Florida claims that there are three factors that attract creative talent to a region: existing talent, technological innovation and the capacity for further technological growth, and cultural tolerance. Cities that position themselves as attractive places for artists along these three axes stand to benefit economically from the industry. “The economic benefits [creative clusters] provide are less direct, but nonetheless significant,” says Florida.

Though some had speculated that this trend was limited to pre-recession times of economic prosperity, in 2012, Florida updated the statistical analyses in his work and found that the increasing economic importance of creative clusters continues to be a reality supported by data.

Florida emphasizes that the arts are not a magic bullet for struggling communities and that a major university, hospital, or natural resource will have a more immediate effect on economic growth than an arts cluster.
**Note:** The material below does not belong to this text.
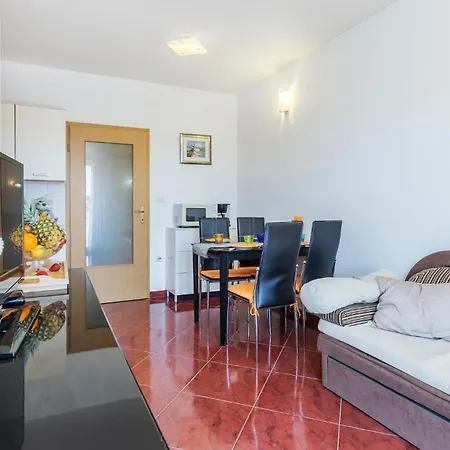 Apartment 2 Bedroom Beautiful In *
Still, he asserts the importance of the arts as an economic driver. “Creative clusters give rise to creative businesses—art galleries, clubs, performance spaces, publishers, recording studios,” Florida says. “That in turn attract[s] people who might not be culture workers themselves, but who are educated, aesthetically attuned, and very likely work in creative professions.”

All across Boston and the surrounding area, youth in programs like ZUMIX, the Roslindale Initiative, and STAGE take part in an art education system whose cumulative effect is to materially change their communities. For these kids, focused on producing a catchy new song, memorizing their parts in a play, or completing a painting assignment using materials more exciting than standard markers and crayons, the arts are a way to express themselves and work with peers. Focused on their individual projects, these students aren’t necessarily aware of the community-level effect of these initiatives—but they are unmistakably there. While art is not a universal cure for urban economic woes, it is an increasingly common part of comprehensive revitalization strategies. These initiatives hold that art has the power to engage youth, both intellectually and in the form of art-related jobs, and to be the spark for a creative economy.